Here is the task for the listing below: output exactly the lines from the one containing "送料無料〔Silver925〕 ブラックダイヤモンド ラフロック ブレスレット" through the one containing "You've got two more years, at best.", and leave out the pictures.

• Task material:
▬▬▬▬▬▬
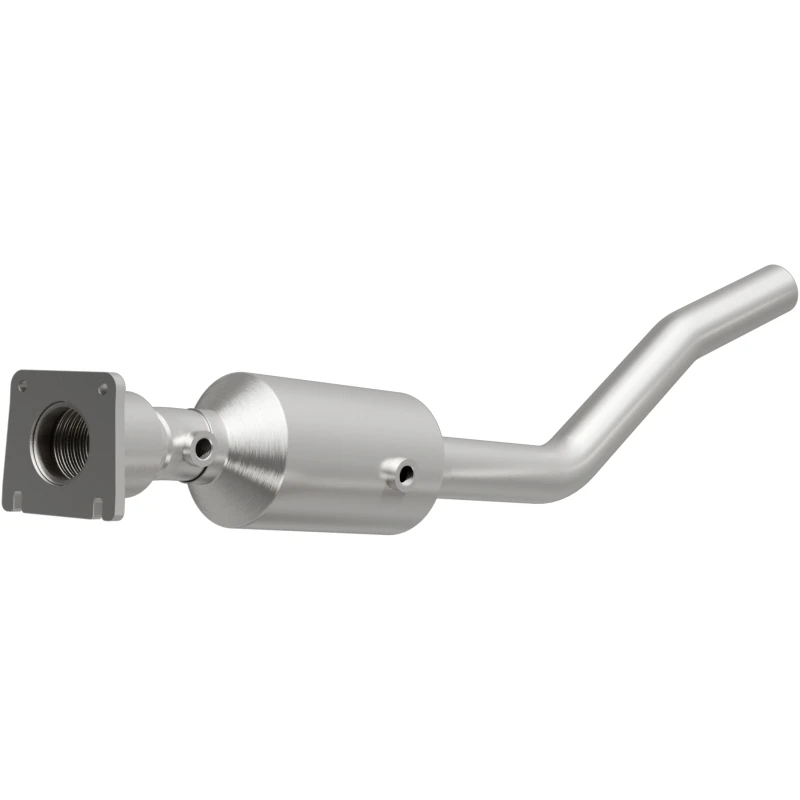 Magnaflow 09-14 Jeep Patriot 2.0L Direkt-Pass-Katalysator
▬▬▬▬▬▬
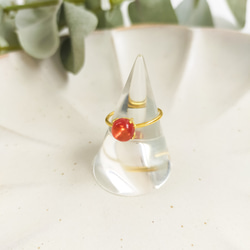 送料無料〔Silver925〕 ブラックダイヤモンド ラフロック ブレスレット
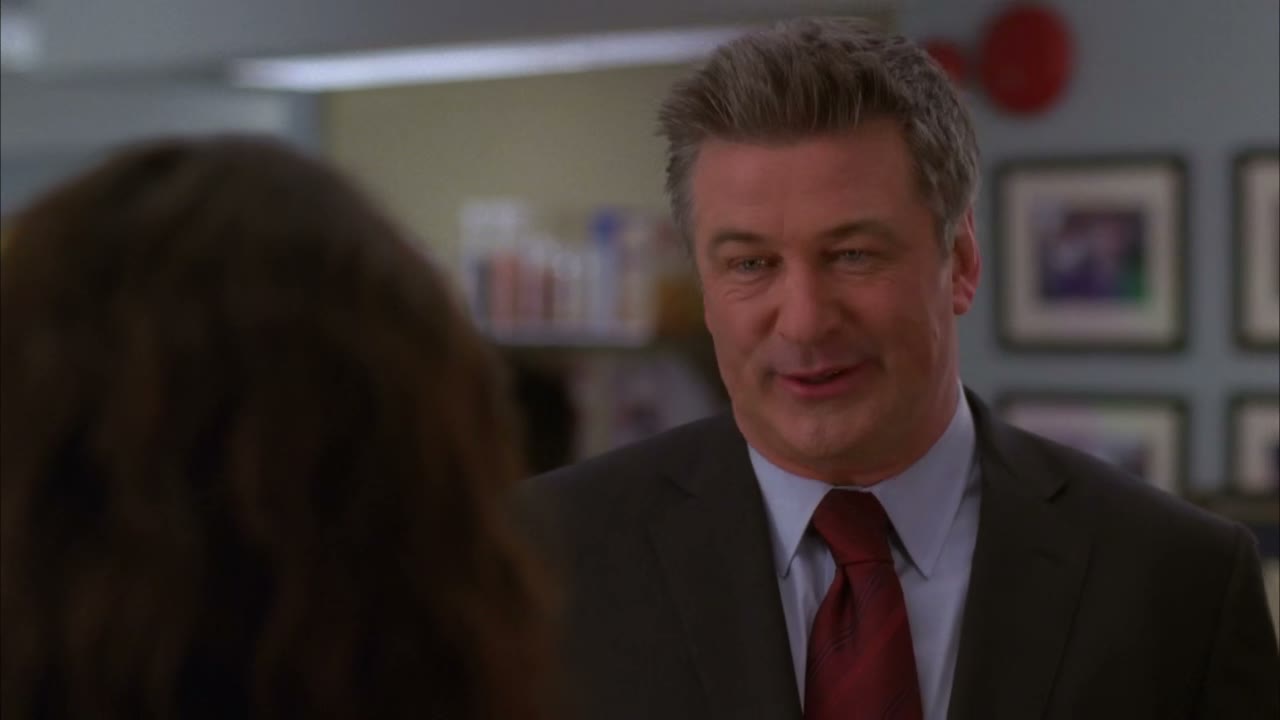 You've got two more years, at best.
▬▬▬▬▬▬
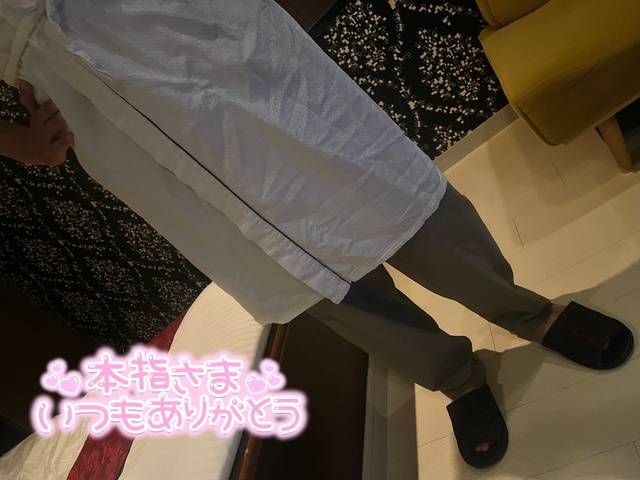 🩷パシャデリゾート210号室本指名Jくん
▬▬▬▬▬▬
• Response area:
 送料無料〔Silver925〕 ブラックダイヤモンド ラフロック ブレスレット
 You've got two more years, at best.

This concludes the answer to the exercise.